In a release sent to members, the New York Thoroughbred Horsemen's Association said a split sample program for horsemen racing at New York Racing Association tracks started with opening day of the Aqueduct Racetrack fall meet Nov. 3.
NYTHA said horsemen at NYRA tracks, in the event of a positive test, will have the option of sending a referee sample to an independent lab to verify test results. There is some discrepancy between New York regulators and horsemen about whether that option has been available to trainers in the past, and trainer Hall of Fame trainer Bill Mott has an active lawsuit going against the state's regulators in which he claims he was denied a referee split sample.
The release said the split sample program is largely funded by the New York Thoroughbred Horsemen's Association, which is paying for dedicated refrigerators used for the storage of the referee samples at the three NYRA tracks, the extra tubes and labels required, and the service to dispose of the blood once tests for the initial sample have cleared.
Dr. Kyle Moyer of the New York State Gaming Commission, who oversees the testing barn at Aqueduct, explained the protocol for the collection of referee samples.
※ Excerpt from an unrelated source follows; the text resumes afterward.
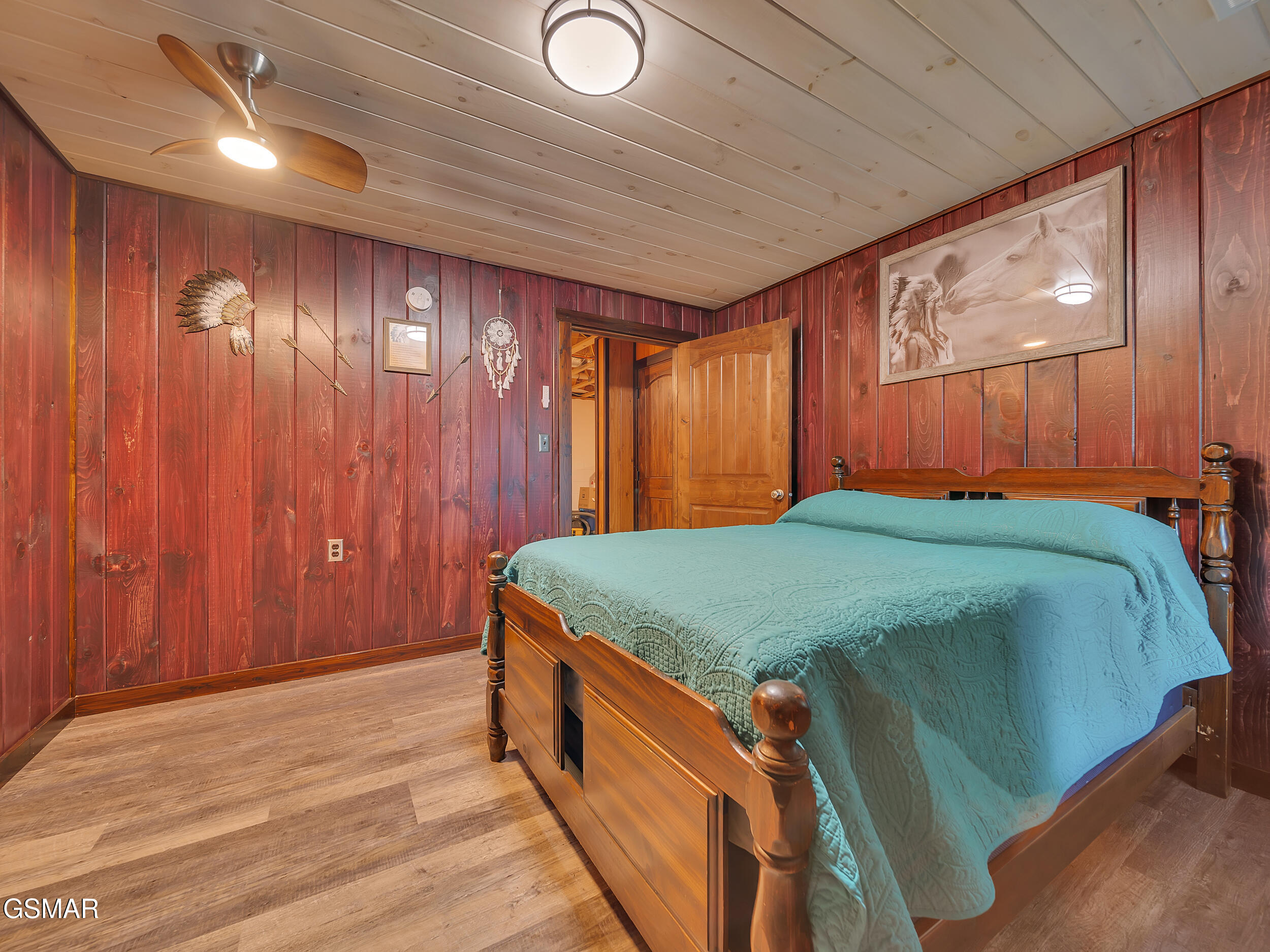 Gatlinburg, Tennessee, 37738, United States, 3 Bedrooms Bedrooms, ,4 BathroomsBathrooms,Residential,For Sale,1979839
"From our standpoint, the procedure is much the same as it has been. We collect an extra tube of blood, and we have developed labeling for the tubes for the referee samples, which is a change from what we had used," Moyer said in the NYTHA release. "There is now a third card signed by the representative of the trainer, but it is the same as those for the urine and blood samples. There is no extra work for the horsemen."
Dr. Moyer added that there is a three-step system to ensure that the blood taken for testing and the referee sample, while remaining anonymous, are properly marked. The labels for the blood sample and its referee sample have the same tag number, and the same bar code. The tag number is also noted on the card signed by the trainer's representative.
NYTHA president Rick Violette Jr. remarked, "A split sample program offers protection that should be available to all horsemen, and is something that NYTHA has advocated for some time. We are pleased that, through our partnership with the New York State Gaming Commission, the program is now a reality, and has launched without a hitch."